> [Material provided]:
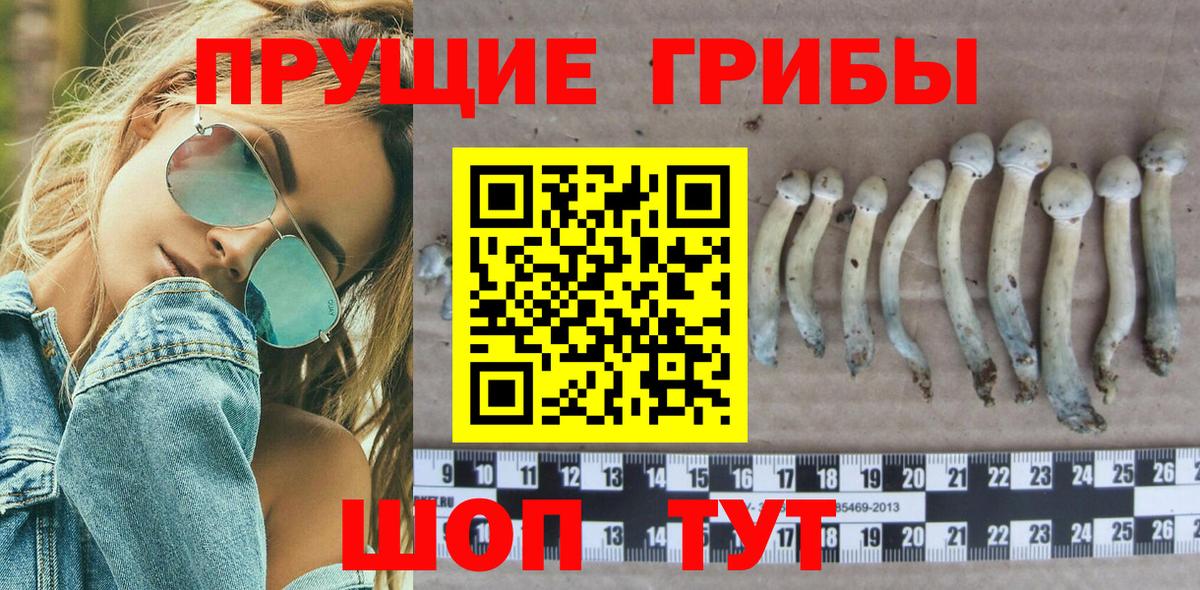 Псилоцибиновые грибы ЛСД  Вход с VPN  Волгодонск 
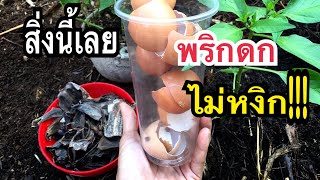 สิ่งนี้เลย พริกดกไม่หงิกวิธีปลูกพริกสุดง่าย ปลูกลงดินให้งามเวอร์ คุณทำได้แม่ก้อยพาทำ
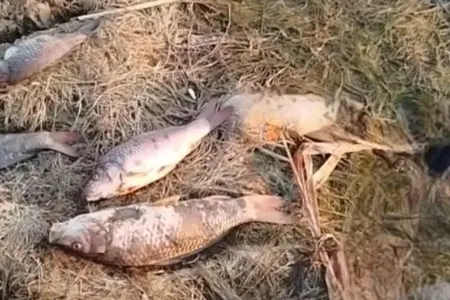 Nazirlik həmin məsələ ilə bağlı rəsmi açıqlama yaydı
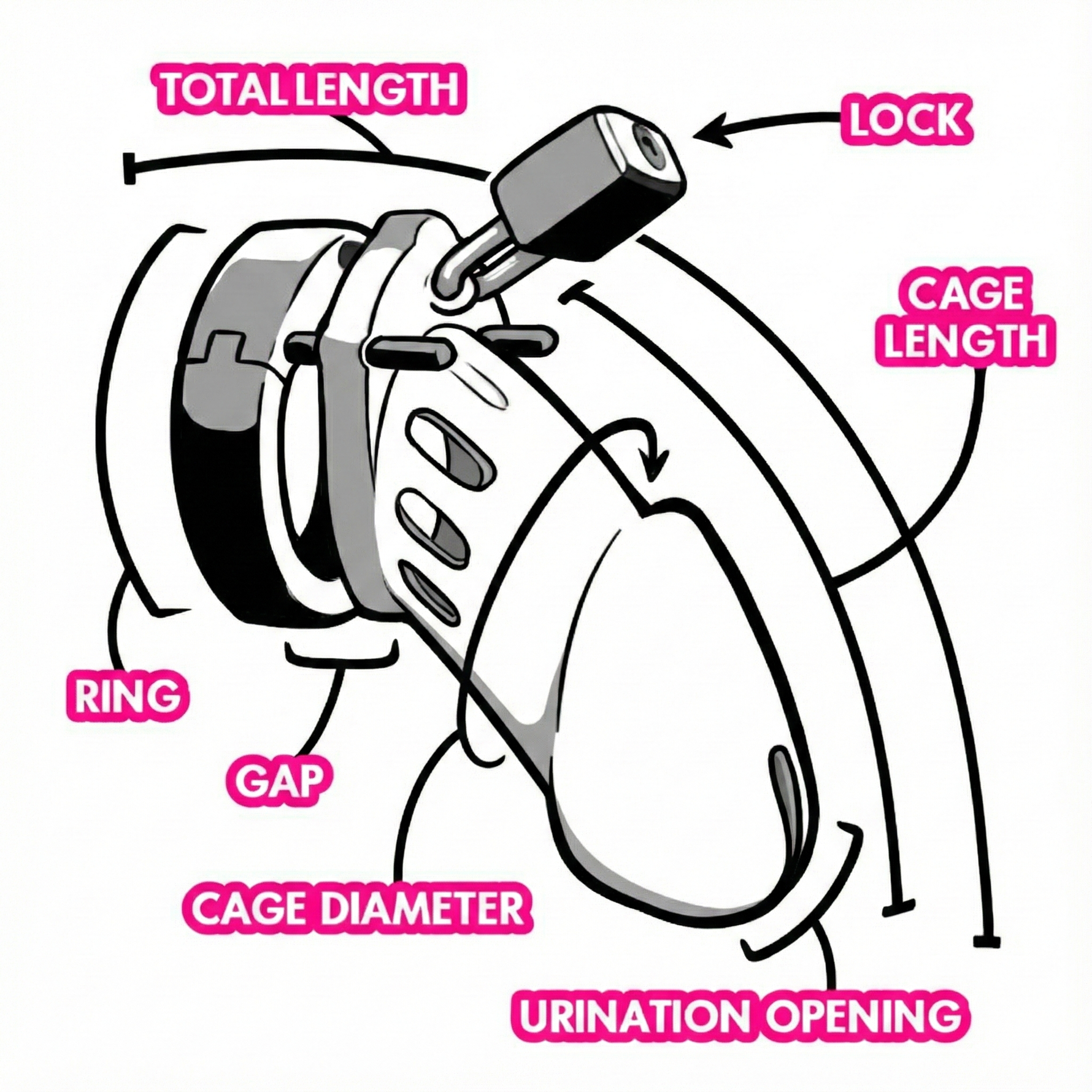 Chastity device anatomy showing ring, cage, gap, and urination opening with measurement labels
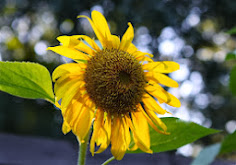 Garden Sunflower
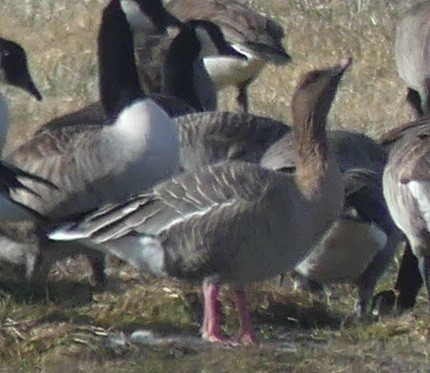 Pink-footed Goose - Kevin Moore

> [Work item]: Type the records out again in full, exactly, with each picture omitted.

> [Written reply]:
 Псилоцибиновые грибы ЛСД  Вход с VPN  Волгодонск 
 สิ่งนี้เลย พริกดกไม่หงิกวิธีปลูกพริกสุดง่าย ปลูกลงดินให้งามเวอร์ คุณทำได้แม่ก้อยพาทำ
 Nazirlik həmin məsələ ilə bağlı rəsmi açıqlama yaydı
 Chastity device anatomy showing ring, cage, gap, and urination opening with measurement labels
 Garden Sunflower
 Pink-footed Goose - Kevin Moore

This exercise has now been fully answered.